Dataset content:

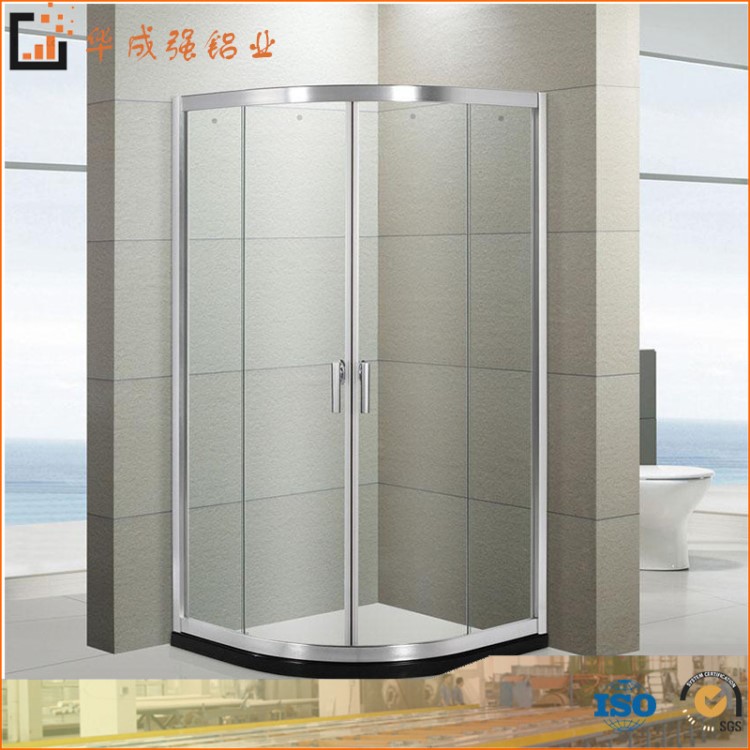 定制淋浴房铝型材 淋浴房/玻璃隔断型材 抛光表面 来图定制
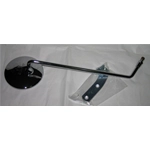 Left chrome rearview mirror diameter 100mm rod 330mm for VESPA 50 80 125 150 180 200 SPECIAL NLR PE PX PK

---

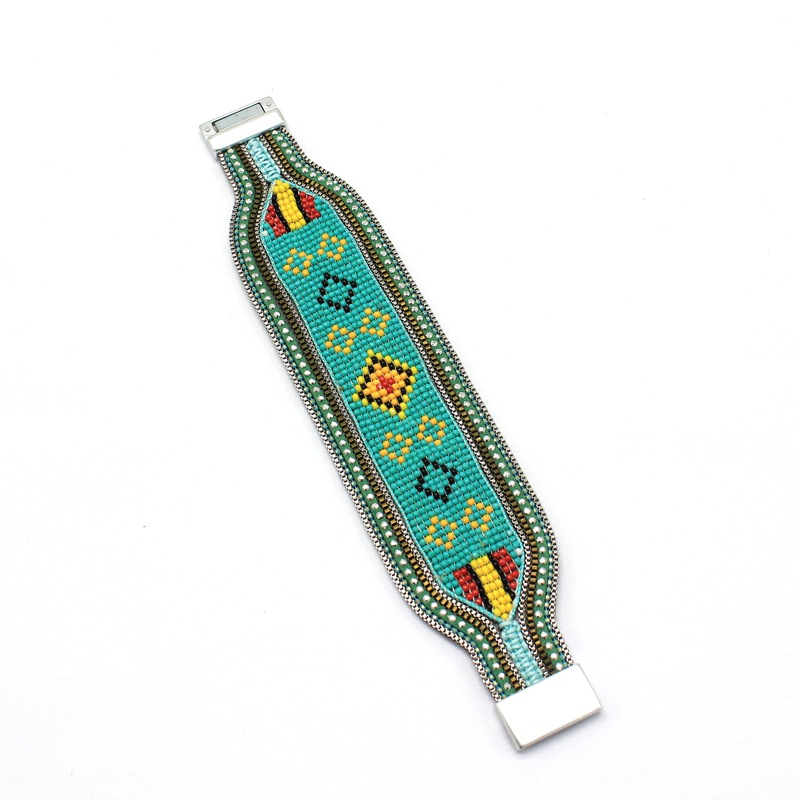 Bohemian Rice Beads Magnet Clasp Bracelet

What you should do: When you reach the line with "定制淋浴房铝型材 淋浴房/玻璃隔断型材 抛光表面 来图定制" in the records above, start writing out each line exactly, and stop after the line with "Left chrome rearview". Pictures stay out.

Written response:
 定制淋浴房铝型材 淋浴房/玻璃隔断型材 抛光表面 来图定制
 Left chrome rearview mirror diameter 100mm rod 330mm for VESPA 50 80 125 150 180 200 SPECIAL NLR PE PX PK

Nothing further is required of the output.